A Croácia, desde o início até quase o fim do século XX, fez parte da Iugoslávia, país governado a maior parte do tempo por Josip Broz Tito e que se caracterizou por uma desvinculação com Moscou. A Iugoslávia não seguiu a cartilha do Kremlin, tendo desenvolvido um tipo de comunismo mais aberto, que permitiu o desenvolvimento do país. País que desintegrou-se a partir de 1991, resultando em seis outros. Um deles, a Sérvia, manteve um certo vínculo com Moscou.
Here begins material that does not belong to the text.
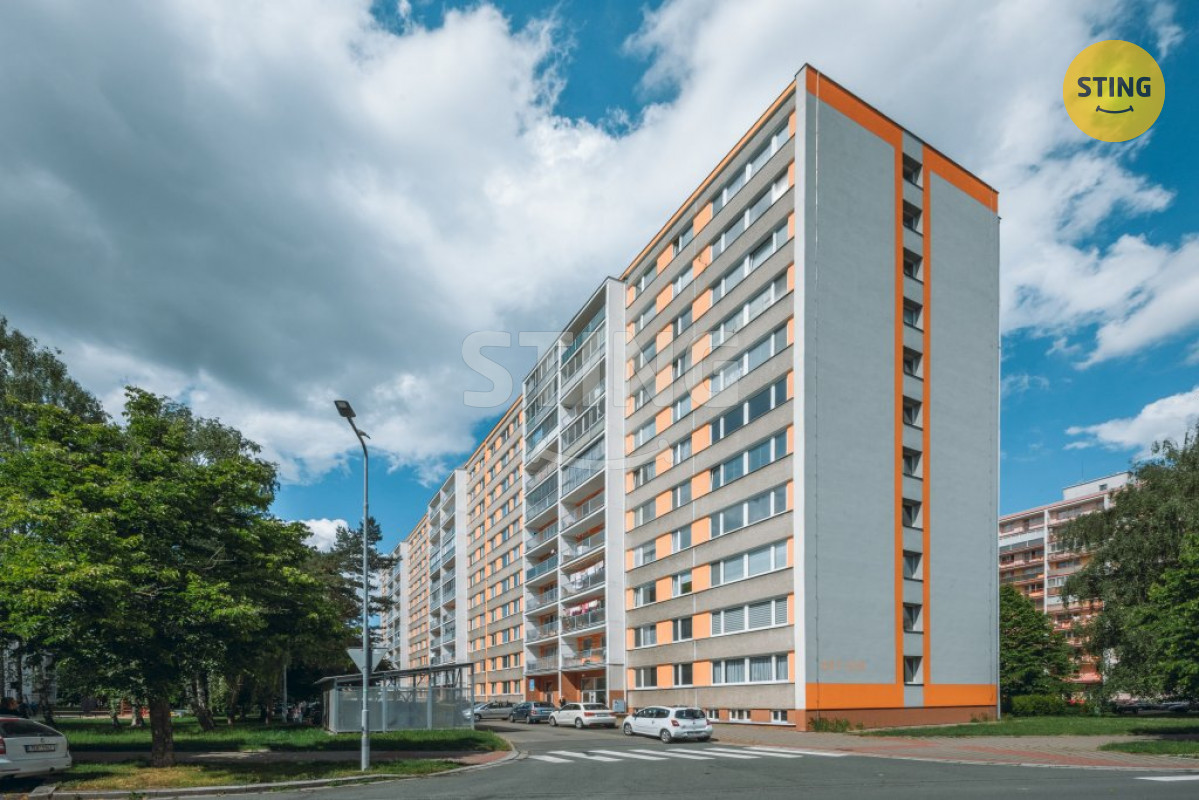Prodej bytu 3+1 s lodžií v Pardubicích (ul. Brožíkov, 132519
Outro, a Eslovênia, já aderiu à Otan, o que está fazendo agora a Croácia.
Já a Albânia se tornou um país diferenciado. Tomado pelos comunistas ao tempo da Segunda Guerra, foi governado até 1985 com mão de ferro por Enver Hoxha. Rompeu com a Rússia e a China, seguiu um sistema próprio, isolando-se do mundo, apesar de ser um dos países mais pobres da Europa. Redemocratizado ao final dos anos 1990, busca agora as benesses de fazer parte da Aliança Atlântica.